Kyekyeku has an advantage: he trained with the keeper of palm wine music in its purest form, but as a young musician playing on Accra’s live circuit, he is immersed into modern Ghanaian music. His decision to “zero in on palm wine music” as he tells me, only happened recently. “I play all sorts of music, but I want to be known for palm wine.”
That’s a significant challenge, considering Kyekyeku is a very popular musician here, who is choosing an avenue few dare to get into. “For me it was a very daring move to make,” he says, “because I have to give up on a lot of the cool stuff going around. That’s the dilemma for a lot of young people here: highlife is considered old and archaic, so everybody’s trying to do azonto and stuff, which is not bad, but things have to be balanced out.”
I am a huge fan of all things azonto and fruity loops, however, as Kyekyeku puts it, “things have to be balanced out,” and clearly the balance is off. There is little live music, and way too few holders of the palm wine and highlife melodic tradition. Even when I first came to Ghana in 2007, you heard a lot of highlife, Ofori Amponsah type digital highlife. Today, hearing new highlife songs is all too rare—gospel aside, but that’s a whole different story.
The song featured today is a Ghanaian classic (also covered recently by the Busy Twist), musically close to its roots, with linguistic twists courtesy of Kyekyeku to make the lyrics more palatable to a young audience. “Some of the slang and jargon I use in the song is very modern, whereas Koo Nimo sings in a very traditional way. We blend energies and feelings, to show that this music is dynamic. It’s a way to connect with both the old and new generations.” The two also connect with the world as they feature Indian tabla master Vishal Nagan.
Ironically, the conclusion of this story is the same I had intended in my initial analytical piece: if Ghana’s music industry needs one thing, it’s more musicians. The Ghanaian government, foreign consulting firms and local media moguls are discussing what complex strategies need to be implemented, when Kyekyeku is already a living example of the simple steps that need to be happening: train more musicians. Make instruments more accessible. Restore pride in musicianship by making it possible for musicians to make a living.

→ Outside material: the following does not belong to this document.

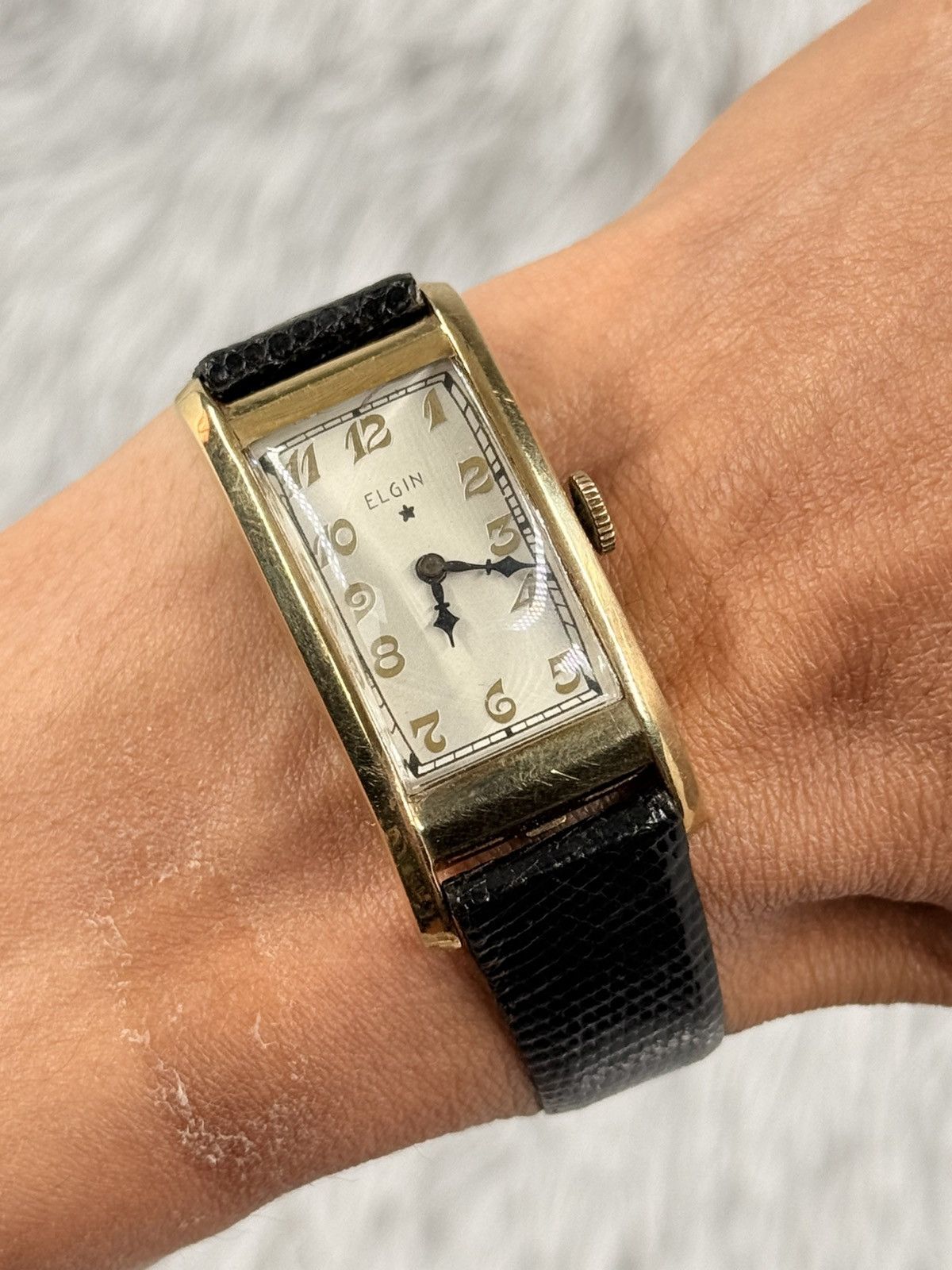 Vintage Vintage ELGIN Tank Manual Swiss Made 14K GOLD Watch Size ONE SIZE - 2 Thumbnail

Ghana’s live music scene was once one of the liveliest in the continent. Today, live music options are few and far between. Before Ghana gives birth to the next Michael Jackson, it will need the next Quincy Jones, and for that to happen, it will need more performances, enabling more experimentation, more creative exchange. In other words: more live music. Some already know that, and are already making moves. More vim to you Kyekyeku.